During the hot, sunny May weather as we have been heading towards mid summer’s day and maximum daylight hours, the plants in Clumber’s Walled Kitchen Garden have been growing apace.
In our herbaceous borders, taller growing perennials and annuals such as delphiniums and sunflowers need staking, otherwise stems can break and flop over onto the ground or onto neighbouring plants.
Staking is best done before plants have made too much growth, ideally in early spring.
The traditional technique has been to use bamboo canes and string, especially good for supporting plants with long stems and tall flower spikes, such as delphiniums and hollyhocks.
Take care not to tie in plant stems too tightly and use a figure of eight arrangement so that the string buffers the stem from the cane and prevents rubbing.
At about 400feet/122metres in length, our double herbaceous borders are believed to be the longest in any National Trust garden and staking individual plants would be a very time consuming process.
We use pea and bean netting, which has 6ins/15cm squares, supported with wooden or metal stakes, which hold it about 30ins/76cms above soil level.
This is put in place in April and the plants grow up through it. This is a very quick, efficient and comparatively inexpensive way of providing support, but it does have disadvantages.
The green netting is not particularly attractive and is highly visible until the plants have grown through it and covered it up and it can also prove difficult to get in amongst the plants to weed and dead head.
Another traditional staking technique is to use birch brash which we cut from trees on the park.

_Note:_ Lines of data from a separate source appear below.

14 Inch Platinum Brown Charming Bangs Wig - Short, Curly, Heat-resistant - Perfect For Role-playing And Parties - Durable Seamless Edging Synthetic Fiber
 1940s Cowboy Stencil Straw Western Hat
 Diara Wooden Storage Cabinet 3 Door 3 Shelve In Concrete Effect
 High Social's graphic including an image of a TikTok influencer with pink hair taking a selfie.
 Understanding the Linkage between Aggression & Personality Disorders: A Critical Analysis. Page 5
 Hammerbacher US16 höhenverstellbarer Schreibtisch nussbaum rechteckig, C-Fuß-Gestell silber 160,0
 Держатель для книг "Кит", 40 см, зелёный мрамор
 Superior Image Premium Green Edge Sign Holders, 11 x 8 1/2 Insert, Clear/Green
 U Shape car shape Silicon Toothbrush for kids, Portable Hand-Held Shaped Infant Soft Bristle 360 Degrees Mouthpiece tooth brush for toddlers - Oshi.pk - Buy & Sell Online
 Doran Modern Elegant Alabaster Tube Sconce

Lengths will vary according to the plants being supported, from 3ft/1metre or so to 6-7ft/1.8- 2.1m for taller plants, such as our climbing French and runner beans and our sweet peas.
This looks more natural and attractive, although it has confounded a few of our visitors, who have asked “What were the plants that have died?”
Some excellent products are also available through garden centres or mail order.
Grow through supports consist of a wire grid ring and sturdy legs, in different lengths and diameters to suit whatever is being staked. This is placed over individual plants.
As shoots lengthen, they grow through it. They do provide excellent support, provided they are put over early enough.
If you are delayed getting your supports in place, then link stakes are a good choice; these are cleverly designed L-shaped metal legs with a twist which forms a loop above the leg.
They can be joined together to form a supporting circle around the plant.
If all of this staking sounds like too much of a chore, low growing perennials such as hardy geraniums and hostas can be planted amongst shrubs, which will provide the height.
You could also limit the number of taller perennials so that you still have the spectacular impact of sunflowers, heleniums and stately delphiniums, but with less work.